Hate, Words, Violence

The shooting at Club Q this weekend brings to mind other acts of terror against minority communities in recent years. Although we don’t yet know much about the motive of the gunman, we do know that the nightclub he attacked was a haven for the LBGTQ community in the Colorado Springs area. The sense of safety and community that such places provide has been deeply shaken. The enormous courage of customers and workers at the club prevented the massacre from being worse than it already was.

The investigation will continue of this latest mass shooting. Family and friends will tend to the injured and mourn those who perished. May their memory be a blessing.

The recent intensification of the scapegoating of the LBGTQ community, like the rise of racist, anti-Semitic, and anti-refugee rhetoric, puts all these communities – it puts all of us – at greater risk when weapons of extraordinary lethality are so easily available. Basic acknowledgement and respect for the traditionally marginalized, even when combined with common sense gun safety laws, won’t protect everyone from senseless violence. But they would make such violent events less frequent and virulent.

As we head into Thanksgiving week, let’s try harder to create communities that don’t have to attack those perceived as different, and let’s work together to remind our lawmakers that we don’t have to live in a world where hate can be so easily connected to weapons of mass destruction. Lives depend on it.

 

1 thought on “Hate, Words, Violence”

  1. Mr Roth, as always, chooses his victims and his events to advance a political agenda. I do not recall him commenting on, inter alia, the assassination of five policemen in Dallas by a black nationalist sniper; or the shooting of Congressman Scalise by James Hofgkinson, a Sanders supporter; or the murder of six parade-goers in Waukesha by Darrell Brooks, whose social media was full of anti white ravings. Wrong victims, wrong perpetrators? Maybe some live do matter more than others.

    It seems to me that, from what we know, the perpetrator of the Colorado Springs attack, far from being the flyover country Christian Rotarian of progressive imagination, is a nearly pure product of societal breakdown; a breakdown which in every instance has followed the template laid down by the Left for decades. The Left scorns nuclear families and loves single mothers: the shooter’s dad left when he was two. The Left celebrates sexual liberation (though it has cooled on this in recent years): both parents seem to have followed liberated lifestyles; the father is a ‘porn star.’ The Left argues for the decriminalization and ready availability of drugs: the father has been involved in the marijuana trade and the assailant abused heroin. The Left has advocated for decades for deinstitutionalizing and normalizing the mentally ill: the mother has been in and out of jail with florid behavior for twenty years. The Left wants decarceration and relaxed sentencing: the assailant had charges dropped on a bomb threat against his mother only last year.

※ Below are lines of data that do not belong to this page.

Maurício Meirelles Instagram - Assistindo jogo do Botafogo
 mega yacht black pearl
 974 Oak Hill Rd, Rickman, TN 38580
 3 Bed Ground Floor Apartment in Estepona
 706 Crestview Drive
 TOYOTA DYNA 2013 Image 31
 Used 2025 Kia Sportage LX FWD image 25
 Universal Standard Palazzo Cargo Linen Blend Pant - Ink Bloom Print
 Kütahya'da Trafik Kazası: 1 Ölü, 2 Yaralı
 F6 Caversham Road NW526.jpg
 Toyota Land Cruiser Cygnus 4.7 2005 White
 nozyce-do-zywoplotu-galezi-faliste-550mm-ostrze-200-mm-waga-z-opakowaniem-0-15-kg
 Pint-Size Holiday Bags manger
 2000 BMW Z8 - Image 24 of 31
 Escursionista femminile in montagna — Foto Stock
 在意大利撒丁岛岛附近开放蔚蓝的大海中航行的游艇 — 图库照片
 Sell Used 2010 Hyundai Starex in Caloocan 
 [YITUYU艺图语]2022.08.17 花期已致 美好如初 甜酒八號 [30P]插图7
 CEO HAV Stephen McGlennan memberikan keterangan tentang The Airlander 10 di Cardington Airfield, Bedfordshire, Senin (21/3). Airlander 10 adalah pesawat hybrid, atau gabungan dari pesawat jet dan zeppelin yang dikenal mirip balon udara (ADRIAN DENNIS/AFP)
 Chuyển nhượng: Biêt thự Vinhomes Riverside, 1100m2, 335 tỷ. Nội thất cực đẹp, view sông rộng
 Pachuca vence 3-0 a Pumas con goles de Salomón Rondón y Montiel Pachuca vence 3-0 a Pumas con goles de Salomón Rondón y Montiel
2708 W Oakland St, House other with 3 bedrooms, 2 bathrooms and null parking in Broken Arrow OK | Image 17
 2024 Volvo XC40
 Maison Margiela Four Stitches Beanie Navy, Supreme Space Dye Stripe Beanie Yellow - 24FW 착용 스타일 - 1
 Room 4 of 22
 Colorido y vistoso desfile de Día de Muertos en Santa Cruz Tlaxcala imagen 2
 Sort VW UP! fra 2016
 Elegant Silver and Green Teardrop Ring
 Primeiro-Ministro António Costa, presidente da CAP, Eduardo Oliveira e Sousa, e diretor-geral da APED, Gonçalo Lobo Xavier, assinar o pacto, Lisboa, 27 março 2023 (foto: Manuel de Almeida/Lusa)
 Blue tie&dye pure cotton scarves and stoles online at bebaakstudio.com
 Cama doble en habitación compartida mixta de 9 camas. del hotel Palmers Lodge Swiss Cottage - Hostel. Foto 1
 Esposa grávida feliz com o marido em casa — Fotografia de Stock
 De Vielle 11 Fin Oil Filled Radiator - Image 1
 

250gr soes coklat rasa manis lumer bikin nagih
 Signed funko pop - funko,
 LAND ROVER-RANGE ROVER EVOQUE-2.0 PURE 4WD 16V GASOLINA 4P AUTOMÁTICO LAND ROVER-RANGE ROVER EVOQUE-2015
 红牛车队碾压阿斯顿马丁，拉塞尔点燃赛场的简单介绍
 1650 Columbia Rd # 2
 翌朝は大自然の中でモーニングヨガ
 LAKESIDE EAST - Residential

Not exactly the uptight bourgeois Republican of progressive fantasy.

    Worse still, it turns out (see the Denver Post) that the assailant identifies as non-binary, uses pronouns “they” and “them,” and takes the prefix “Mx.” Since ‘non-binary’ trumps ‘gay’ these days in the Index and Scale, this presents us with a dilemma: when someone higher on the scale does something to someone lower, who’s the victim? And if someone says they are non-binary, mustn’t we believe them? What implications are there for sentencing? Since this is Colorado Springs, not Philadelphia or Los Angeles, the assailant will be prosecuted, but should they be sent to a men’s prison or a women’s? Six months here, six months there? Perhaps Mr Roth can help us answer these vexed questions.